WASHINGTON – US President Donald Trump said on Friday that he expects to meet again with Kim Jong-un after receiving “a very beautiful letter” from the North Korean leader.
“I think we’ll have another meeting,” the president told reporters outside the White House. “He really wrote a beautiful three-page – I mean right from top to bottom – a really beautiful letter. And maybe I’ll release the results of the letter, but it was very positive.”
The missive was hand-delivered on Thursday, Trump said, quipping: “Don’t have to worry about leaks.”
This latest in a series of letters from Kim follows four rounds short-range rocket launches by North Korea in the space of two weeks.
Pyongyang says the launches are in response to this month’s US-South Korean joint military exercises, a point that Kim emphasized in his message to Trump.
“He (Kim) wasn’t happy with the tests, the war games. The war games on the other side with the United States,” the president said. “And as you know, I’ve never liked it either. I don’t like paying for it.”
Washington suspended the twice-a-year drills after the historic June 2018 summit between Trump and Kim in Singapore and while the exercises were subsequently resumed, they are now conducted on a smaller scale.
Denounced by North Korea’s communist government as “provocations,” the drills formerly included a mock invasion of the North, complete with flyovers by US warplanes capable of delivering nuclear weapons.
Trump and Kim have met twice since the Singapore encounter: a summit in February in Hanoi; and a hastily arranged, largely symbolic event in late June on the border that divides the Korean peninsula.
On Friday, the president again downplayed the significance of the recent launches by North Korea.
“There have been no nuclear tests. The missile tests have all been short-range, no ballistic missile tests, no long-range missiles,” Trump said.

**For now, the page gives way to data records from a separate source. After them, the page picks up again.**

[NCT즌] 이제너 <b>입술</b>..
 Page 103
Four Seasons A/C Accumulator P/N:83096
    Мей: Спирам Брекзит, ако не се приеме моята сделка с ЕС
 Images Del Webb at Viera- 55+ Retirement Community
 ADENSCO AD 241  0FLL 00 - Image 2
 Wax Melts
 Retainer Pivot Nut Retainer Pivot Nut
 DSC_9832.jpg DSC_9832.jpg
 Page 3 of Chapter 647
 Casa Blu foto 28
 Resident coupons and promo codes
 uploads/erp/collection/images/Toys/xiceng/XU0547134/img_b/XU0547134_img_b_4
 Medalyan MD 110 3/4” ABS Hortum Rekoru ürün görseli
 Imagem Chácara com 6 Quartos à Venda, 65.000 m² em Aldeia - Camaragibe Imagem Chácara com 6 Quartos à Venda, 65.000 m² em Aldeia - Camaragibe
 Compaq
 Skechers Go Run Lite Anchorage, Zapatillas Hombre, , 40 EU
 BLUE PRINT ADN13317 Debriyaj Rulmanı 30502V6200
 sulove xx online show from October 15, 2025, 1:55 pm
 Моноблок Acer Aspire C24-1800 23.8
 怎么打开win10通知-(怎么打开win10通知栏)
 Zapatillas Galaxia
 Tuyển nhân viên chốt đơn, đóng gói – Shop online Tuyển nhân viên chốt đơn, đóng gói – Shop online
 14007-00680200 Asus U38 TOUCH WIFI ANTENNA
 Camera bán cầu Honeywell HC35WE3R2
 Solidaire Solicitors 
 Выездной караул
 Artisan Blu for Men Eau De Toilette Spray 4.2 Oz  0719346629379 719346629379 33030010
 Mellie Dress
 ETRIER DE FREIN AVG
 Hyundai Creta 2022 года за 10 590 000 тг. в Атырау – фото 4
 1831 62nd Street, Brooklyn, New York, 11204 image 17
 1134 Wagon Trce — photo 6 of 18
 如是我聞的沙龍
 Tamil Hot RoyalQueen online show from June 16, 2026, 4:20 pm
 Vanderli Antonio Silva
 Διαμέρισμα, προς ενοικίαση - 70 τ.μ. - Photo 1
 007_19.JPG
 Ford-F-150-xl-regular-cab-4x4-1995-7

The US defense secretary said earlier Friday in Seoul that Washington was ready to resume talks with Pyongyang while maintaining sanctions on North Korea until it abandons its nuclear program.
Mark Esper conveyed that message at the start of his meeting with his South Korean counterpart, Jeong Kyeong-doo.
Washington “will remain resolute in the enforcement of the UN Security Council resolutions until the North engages in the complete, verifiable, irreversible denuclearization of the Korean Peninsula,” Esper said, according to South Korean news agency Yonhap.